Da dove vengono i soldi per gli “incentivi”? Sono sgravi fiscali, ossia meno tasse pagate dai padroni e tolte dall’ammontare dei contributi versati dai lavoratori all’INPS, finanziati cioè dalle nostre tasse!

Qualcuno ha fatto i conti: 500 euro al mese per lavoratore per due anni fanno 12.000 euro e naturalmente, dopo due anni in base al Job Act di Renzi (che ha causato dal 2015 un aumento del 43% circa di morti sul lavoro), questa mano d’opera a buon mercato potrà  tranquillamente essere mandata a casa e rimpiazzata da altra.

*Retroattività: si tratta dei contratti scaduti. Nel caso di contratti scaduti da più di 12 mesi (alcuni lo sono da anni...) il salario deve essere adeguato del 30% rispetto all’indice IPCA (un indice che, guarda caso, non riguarda i costi delle materie prime importate come petrolio e gas...). E’ evidente quindi che, come tutte le multe, l’esiguità dell’adeguamento non spingerà certo i padroni ad assumere.

 

Ecco molto in sintesi il significato del nuovo “pacco” confezionato dal governo Meloni.
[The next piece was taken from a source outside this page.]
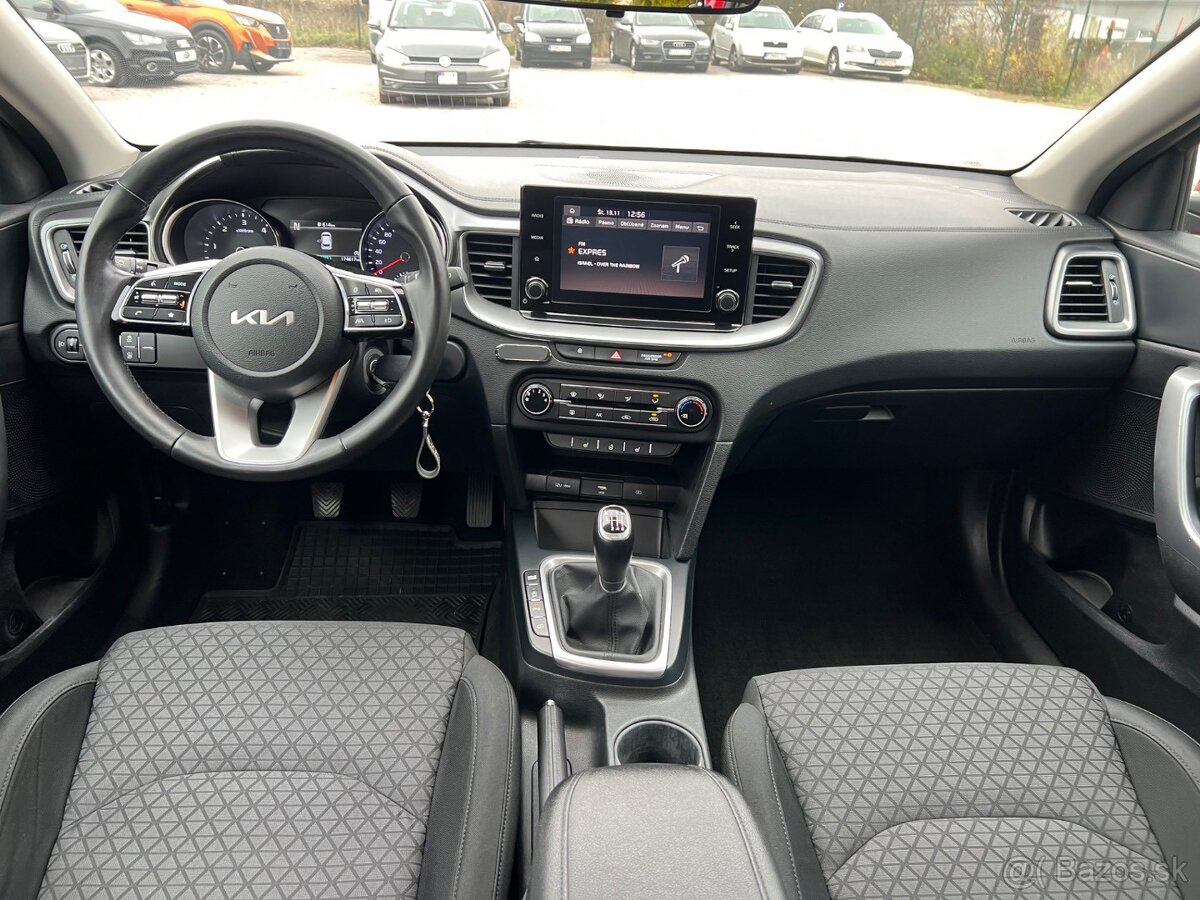 Kia Ceed 1.6 CRDi MHEV Gold - 16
Perfettamente in linea con quanto denuncia l’ultimo rapporto dell’OXFAM: prendendo in esame a livello globale tra il 2020 e il 2025  1.500 aziende di 33 paesi risulta che in pratica i lavoratori in media hanno lavorato gratis per 108 giorni all’anno. Le retribuzioni dei dirigenti delle grandi corporations invece, sono aumentate dell’11% in termini reali; un amministratore delegato ha guadagnato - sempre in media - 8,4 milioni di dollari all’anno, una cifra che  un lavoratore impiegherebbe 490 anni a raggiungere.

 

E’ il capitalismo, baby... un sistema basato sullo sfruttamento dell’uomo sull’uomo che ci spinge sempre più a rotta di collo verso la miseria, la fame, la guerra. Unica (anche se non semplice) soluzione: unità, organizzazione e ripresa della lotta di classe, la sola guerra giusta per il futuro degli sfruttati e degli oppressi.